Two employees fired for speaking out against Amazon’s role in climate crisis
Amazon has recently received criticism for the working conditions in its warehouses during the coronavirus outbreak, with workers across the county speaking out about the lack of protection with increased health risks. On Friday, two user experience designers who have been leaders in the group Amazon Employees for Climate Justice were abruptly fired from the company.
The climate group has called for Amazon to take action to mitigate its effect and impact on the climate crisis. The two workers who were fired, Emily Cunningham and Maren Costa, have been leaders in this internal movement that has pushed Amazon to action on climate change issues, including the Climate Pledge.
The firing came after the two employees shared a petition from warehouse workers who were worried about the risk to their health during the global pandemic.
“I truly believe Amazon can play an incredibly powerful and good role during COVID-19,” Cunningham said. “But to do that, we have to really listen to the workers who are on the front line, who don’t feel adequately protected. Who fear getting coronavirus, or giving it to their families and the wider public.”

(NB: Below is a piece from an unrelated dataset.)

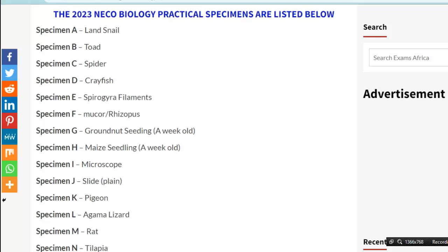Specimen J is a slide or plane. Specimen K is a pigeon or fowl. Specimen L is agama lizard. Specimen M is rat. And specimen N is tilapia.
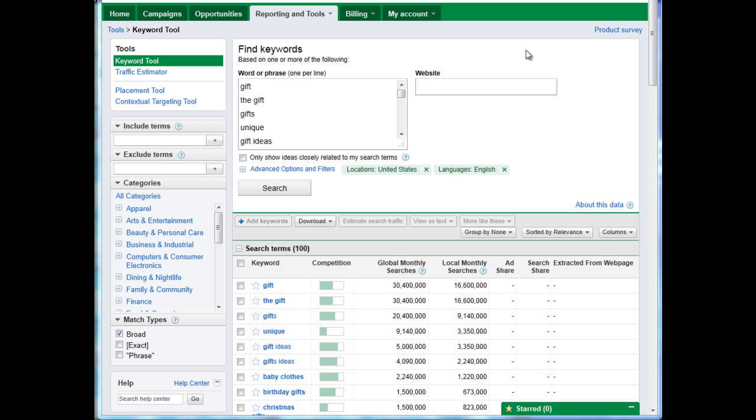Hi, and welcome to this video. This video will show you how to use the Google AdWords Editor Keyword Grouper tool.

Amazon also reportedly deleted an invite to a webcast the Amazon Employees for Climate Justice sent on Friday inviting workers to hear from warehouse workers directly. Climate justice activist Naomi Klein was scheduled to join the webcast.
Cunningham and Costa said they still plan on hosting the virtual event.
“Not only did Amazon fire us, they also deleted all the emails about a meeting we had set up for tech workers to talk with warehouse workers to hear what it is like working in warehouses during coronavirus,” Costa said.
Recently, an Amazon employee who organized a walkout at a warehouse in New York was fired as well. Leaders and members of the Employee for Climate Justice group have also had their jobs threatened in the past for speaking out against the company.
“We support every employee’s right to criticize their employer’s working conditions, but that does not come with blanket immunity against any and all internal policies,” an Amazon spokesperson told KIRO Radio on Tuesday. “We terminated these employees for repeatedly violating internal policies.”